Arrivés dans les années 1970 pour construire les villes nouvelles, de nombreux travailleurs migrants vivent encore isolés dans des foyers Adoma. Une expo leur est consacrée à Evry.
Taieb retire son bonnet et avant de prendre la pose, solennel, passe sa main dans ses cheveux blancs. A bientôt 70 ans, cet Algérien n’a pas perdu en coquetterie, à moins que ce ne soit de la pudeur. La pudeur de ceux qui se sont faits petits durant trop longtemps et qui, à force, n’ont jamais vraiment pris leur place. Celle de Taieb Ben Hafed fait 7 m2. Une chambre qu’il occupe depuis 1977 au foyer Adoma des Miroirs à Evry, comme tant d’autres qui ont construit la France des 30 Glorieuses.
Ce sont les « chibanis », les vieux travailleurs migrants restés en France. Jusqu’au 27 septembre, une exposition de photographie les met à l’honneur à la maison départementale de l’habitat à Evry.
Au cœur du quartier des Pyramides, plus de la moitié des 267 résidants du foyer des Miroirs ont maintenant plus de 60 ans. Soixante d’entre eux ont même dépassé les 80 ans. « J’ai laissé ma femme et mes six enfants pour venir travailler en France en 1970 », explique Taieb comme une évidence. « J’ai travaillé partout, j’ai construit Evry-Village, la préfecture, les Tarterêts… A l’époque, c’était des champs et des bois », se souvient le chibani, les yeux perçant de fierté.
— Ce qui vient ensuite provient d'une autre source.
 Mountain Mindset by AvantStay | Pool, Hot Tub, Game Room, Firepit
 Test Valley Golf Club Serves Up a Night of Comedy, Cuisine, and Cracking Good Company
Après une vie de labeur, il vit aujourd’hui avec 800 € par mois. Une petite retraite, une aide de la CAF et le minimum vieillesse. Seulement, pour ne pas les perdre, Taieb doit justifier de six mois de résidence en France par an. « Je fais des allers-retours entre l’Algérie et ici, mais j’aime bien voyager, c’est pas grave », raconte-t-il sans ressentiment. « Il est jeune lui, ça lui fait du bien de bouger », se moque Saïd, son voisin croisé dans le hall de la résidence. Construite en 1970 pour accueillir les travailleurs migrants dont la France avait besoin, elle n’a depuis pas fait l’objet de réhabilitation. « Cela commence à être problématique, le bâtiment n’est pas adapté à une prise en charge des personnes âgées », avoue Eric Poli, responsable du foyer des Miroirs. « Autrefois, nous avions une cafétéria où les chibanis se retrouvaient tous les jours et échangeaient avec les plus jeunes, mais plus personne ne vient, on l’a fermée », lance-t-il, premier déçu. Avec sa collègue, ils s’occupent en ce moment de faire venir une aide à domicile, « pour un résidant qui perd la tête ». Les autres chibanis sont encore autonomes.
Dans sa chambre, Saïd M’Barek, 65 ans, ne manque de rien. Un petit lit, un frigo, et surtout des dizaines de photographies de sa famille, restée au Maroc. Sur les murs aux couleurs tièdes, les calendriers des dernières années passées ici. « Trente-neuf ans, ça fait beaucoup mais j’aime la France, je veux garder ma piaule », lâche le bientôt retraité. Arrivé en France en 1973, il a travaillé à la construction du centre commercial Parly 2 (Yvelines), à la gare d’Evry et a « fabriqué des 4L » chez Renault à Boulognes-Billancourt (Hauts-de-Seine). « Ma vie est ici, les jeunes du quartier, je les connais depuis qu’ils sont tout petits. » Surtout, il faut entretenir sa famille restée « là-bas ». De famille, Khemiri Bel Hassen, 70 ans, n’en a plus. Ni en Tunisie ni en France. Les 300 € de loyer payés, il ne lui reste pas beaucoup plus pour vivre avec sa petite retraite de manutentionnaire. Alors, depuis 1983, il se satisfait de sa chambre et a trouvé ses repères au foyer. « C’est petit, mais où aller? Ma vie, elle est ici malgré tout, non? » Demande-t-il le souffle court, avant de se dérober rapidement malgré un pas hésitant.